## Exercise objective
Every line below needs to be transcribed without alteration, and no image may be carried over.

## Source data
+ + + + + + +

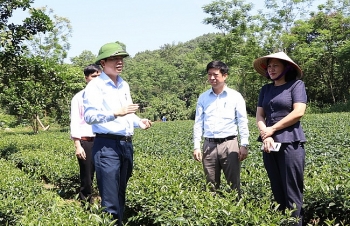 thai nguyen dac sac mo hinh cong dong kinh te vua du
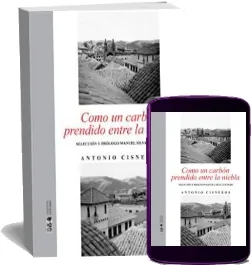 Descargar gratis Como un Carbón Prendido en la Niebla ePub por mega y 168 páginas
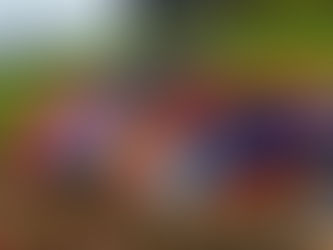 La fibra ottica è arrivata a Scurelle, Grigno, Ospedaletto e Castello Tesino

+ + + + + + +

## Exercise solution
 thai nguyen dac sac mo hinh cong dong kinh te vua du
 Descargar gratis Como un Carbón Prendido en la Niebla ePub por mega y 168 páginas
 La fibra ottica è arrivata a Scurelle, Grigno, Ospedaletto e Castello Tesino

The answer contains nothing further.